WASHINGTON -- The administration's point man on tightening welfare requirements, Wade Horn, an assistant secretary within the Health and Human Services Department, says he senses that Congress is closer to making significant changes to the program than at any time during President Bush's tenure...

Kevin Freking ~ The Associated Press

WASHINGTON -- The administration's point man on tightening welfare requirements, Wade Horn, an assistant secretary within the Health and Human Services Department, says he senses that Congress is closer to making significant changes to the program than at any time during President Bush's tenure.

Democratic lawmakers doubt Horn is correct, but say that if he is, the overhaul will occur without bipartisan support.
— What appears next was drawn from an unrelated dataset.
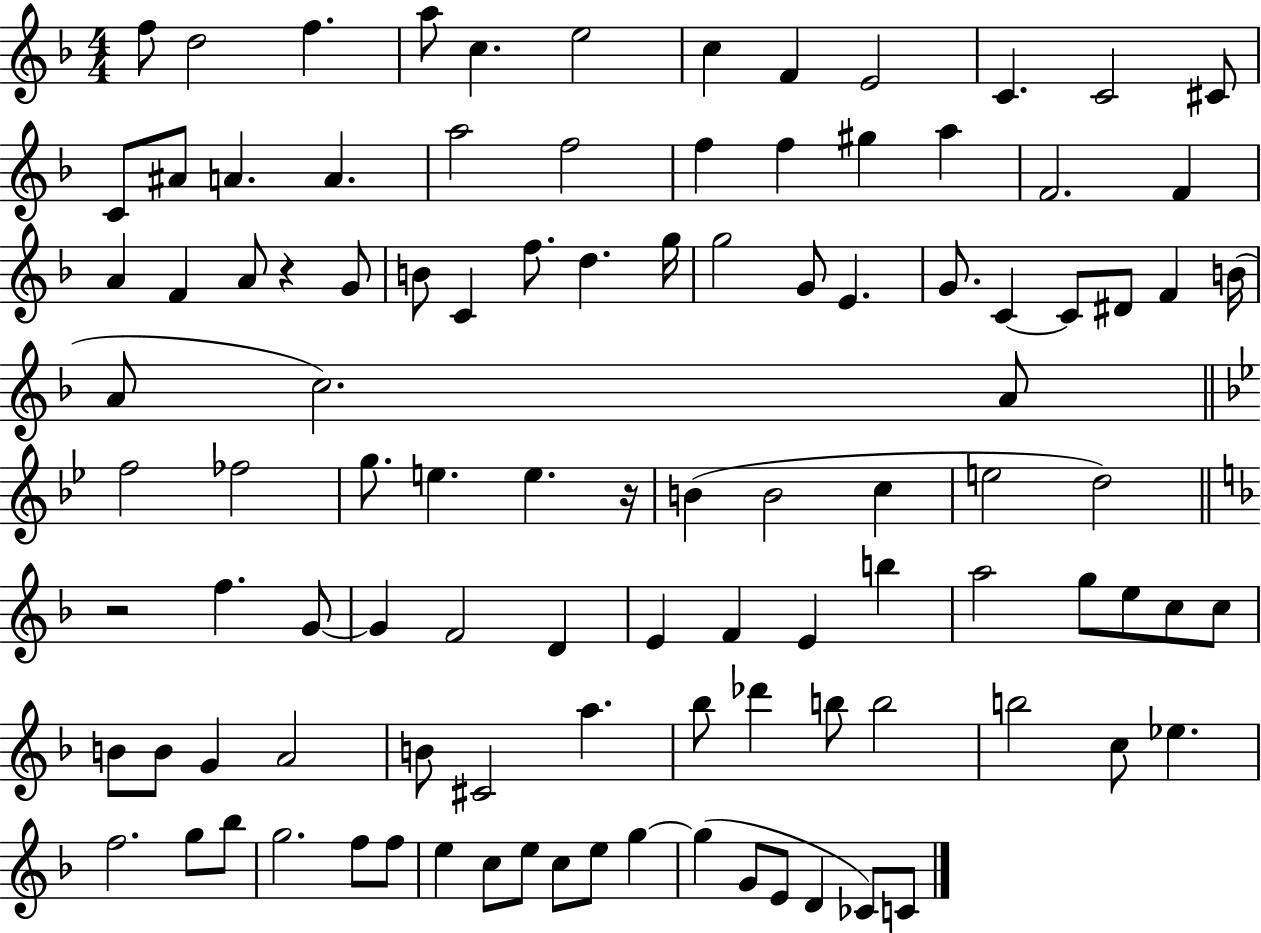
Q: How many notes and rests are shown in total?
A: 104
Bush has proposed that participants work longer hours to maintain eligibility for cash assistance and other forms of aid. He also wants to raise the bar for states by requiring that a greater percentage of their welfare population find work -- or the states risk financial penalties.

Since the original legislation calling for changes in welfare expired in 2002, Congress has approved 11 short-term extensions. A more permanent extension requires reauthorization of the Temporary Assistance for Needy Families program.
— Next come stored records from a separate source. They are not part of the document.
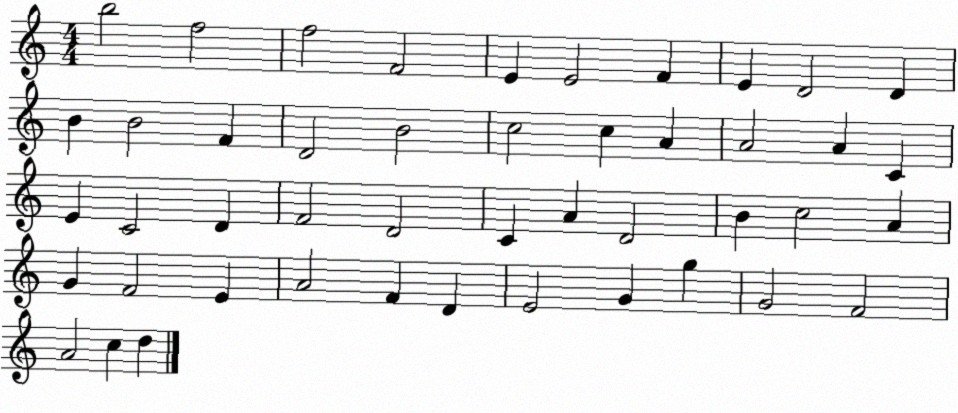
X:1
T:Untitled
M:4/4
L:1/4
K:C
b2 f2 f2 F2 E E2 F E D2 D B B2 F D2 B2 c2 c A A2 A C E C2 D F2 D2 C A D2 B c2 A G F2 E A2 F D E2 G g G2 F2 A2 c d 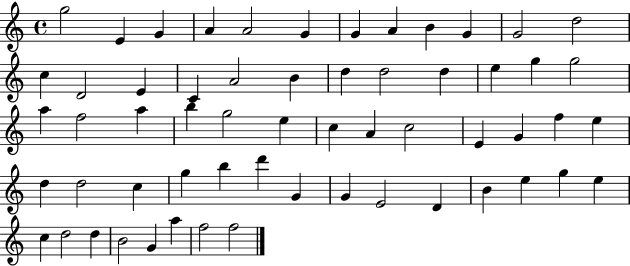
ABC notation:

X:1
T:Untitled
M:4/4
L:1/4
K:C
g2 E G A A2 G G A B G G2 d2 c D2 E C A2 B d d2 d e g g2 a f2 a b g2 e c A c2 E G f e d d2 c g b d' G G E2 D B e g e c d2 d B2 G a f2 f2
But lawmakers have been unable to agree on how to do that.

The House included welfare changes within a bill that reduces government spending by $50 billion over the next five years. The Senate also approved a bill cutting spending by $35 billion. Once negotiators from both chambers bridge the differences, they will submit a final "reconciliation bill" that cannot be filibustered.

Horn's optimism stems from history. The welfare legislation approved in 1996 was also part of reconciliation legislation that could not be filibustered.

The changes approved in 1996 set limits on how long people could obtain cash assistance. Since the law went into effect, the welfare rolls have dropped from about 4.4 million families to under 2 million.

Many lawmakers say momentum has stalled.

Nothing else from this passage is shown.